Fortunately, a friend called a tow truck for her.

The band had been practicing until about 11 p.m. at a place not too far from their home when rain suddenly got heavy. The group went home, thought about going to the Red Cross shelter, but then decided to stay put, Jackson said.

Suddenly the water around the house rose two feet in 20 minutes, he said. The group scrambled to drive their cars out of the front yard and onto high ground across the street -- except for a van that was already too flooded to drive.

The next morning, a friend brought a rowboat to their yard.
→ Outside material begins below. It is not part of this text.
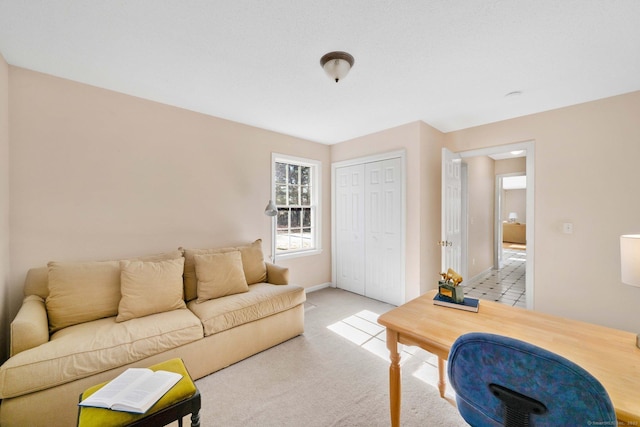 view of carpeted living room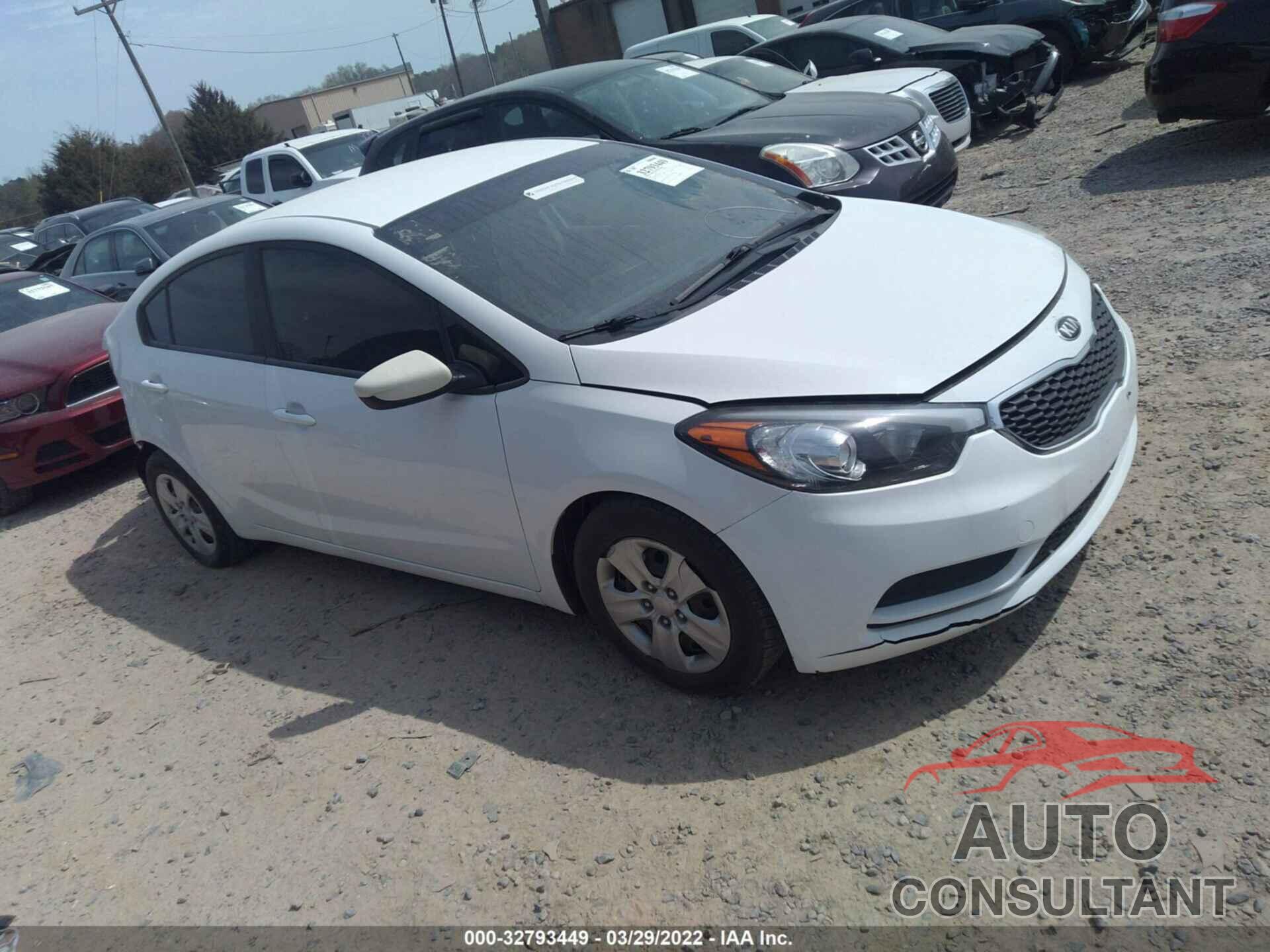 KIA FORTE 2016 - KNAFK4A69G5617292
The water covering the lawn was now 4 feet deep.

Band member Kekoa Willing could hardly believe what he was seeing. "This is the craziest thing that ever happened," he said.

As the weather cleared in the afternoon, the group started rowing around their yard, out to the back where a washing machine floated and Halloween decorations hung in a flooded garage, back to the front where the self-proclaimed "flood idiots" let off steam cheering motorists who slowly drove by, watching the group's boating spectacle.
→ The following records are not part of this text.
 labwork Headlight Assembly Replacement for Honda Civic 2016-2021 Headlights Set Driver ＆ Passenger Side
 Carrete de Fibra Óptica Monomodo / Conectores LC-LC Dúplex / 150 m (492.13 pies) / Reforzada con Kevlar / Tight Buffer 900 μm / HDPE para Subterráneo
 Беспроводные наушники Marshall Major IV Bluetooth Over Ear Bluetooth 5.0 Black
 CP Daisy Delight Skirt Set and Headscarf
Ten miles to the south in the Paradise Park subdivision, Kentrell Santos and her boyfriend, Michael Anderson, were going through a similar experience, without the benefit of a boat or party animal friends.
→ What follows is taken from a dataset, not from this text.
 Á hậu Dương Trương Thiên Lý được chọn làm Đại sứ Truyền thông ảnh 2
Anderson got up at about daybreak and saw that flowers in the back yard were underwater. He suddenly realized that probably meant his car was underwater, too.

Water in the middle of the front yard was 4 feet deep, although the car was sitting in a more manageable two feet of water.

The car was saved, but Anderson had also brought home a used 32-inch television the day before the storm. Returning to the carport, he found it sitting in a foot of water.

In the late afternoon, the rain had subsided, but damage along East Hawaii roadways appeared extensive.

The first inkling that Corrine Vicente and her roommate, Allena Tan, had that something was amiss came in the middle of night when they heard bumps and crashes from the garage under their two-story home.

"It was the washing machine and the car banging each other," Tan said as she sat in the Red Cross shelter at Aunty Sally's Luau House. The flood had also ripped a propane gas tank from a neighbor's house, and that added to the din of metal against metal.

The two women were too afraid to leave the house.

"More worse, we don't even know how to swim," Tan said.

Neighbors whom they know only as the "Flores boys" rescued them, using a boogie board to float them one by one from their porch to higher ground.

The boys also rescued an elderly woman and three other children who were at the woman's home, next door to theirs, Vicente said.

"They took each of us to safety, then went back and got the others," said a grateful Vicente, clutching a small airline bag, all that she saved from her flooded home.

Tan had only a small leather backpack. "We no more nothing," she said. "That's all."

Verna Dias, Red Cross disaster chairwoman for the Seven Seas shelter, said many of the volunteers who help during such situations were unable to get to town because roads were impassable.

She left her home in Paradise Park just before midnight yesterday to get to the shelter, where about 26 people spent the night.

"It's been a long, long night," Dias said.

Also along the highway in Mountain View, the driveways of six homes in a row were buckled and washed away. The driveways bridged a drainage ditch, and the flood was so swift and strong, it simply lifted the asphalt, crumbling and cracking it so homeowners could not get to their homes in their vehicles.

Kahikopele Road, near the Mile 18 marker on the highway, was nothing more than a huge crack in the ground. The storm had gouged a 3-foot-deep trench through the middle of the road.

Trees and branches, dirt, rocks and pieces of wooden fences littered the highway.

Children, liberated from school for the day, swam and splashed in a flooded field near Edith Kanakaole Tennis Stadium.

Workers liberated from their jobs also found time to tour the flooded Bayfront Highway, where a Chevron station was awash in two to three feet of muddy water.

Prince Kuhio Mall and Kaiko Mall were shut down.

The KTA supermarket on Kanoelehua Avenue closed early so workers could go home and take care of their families.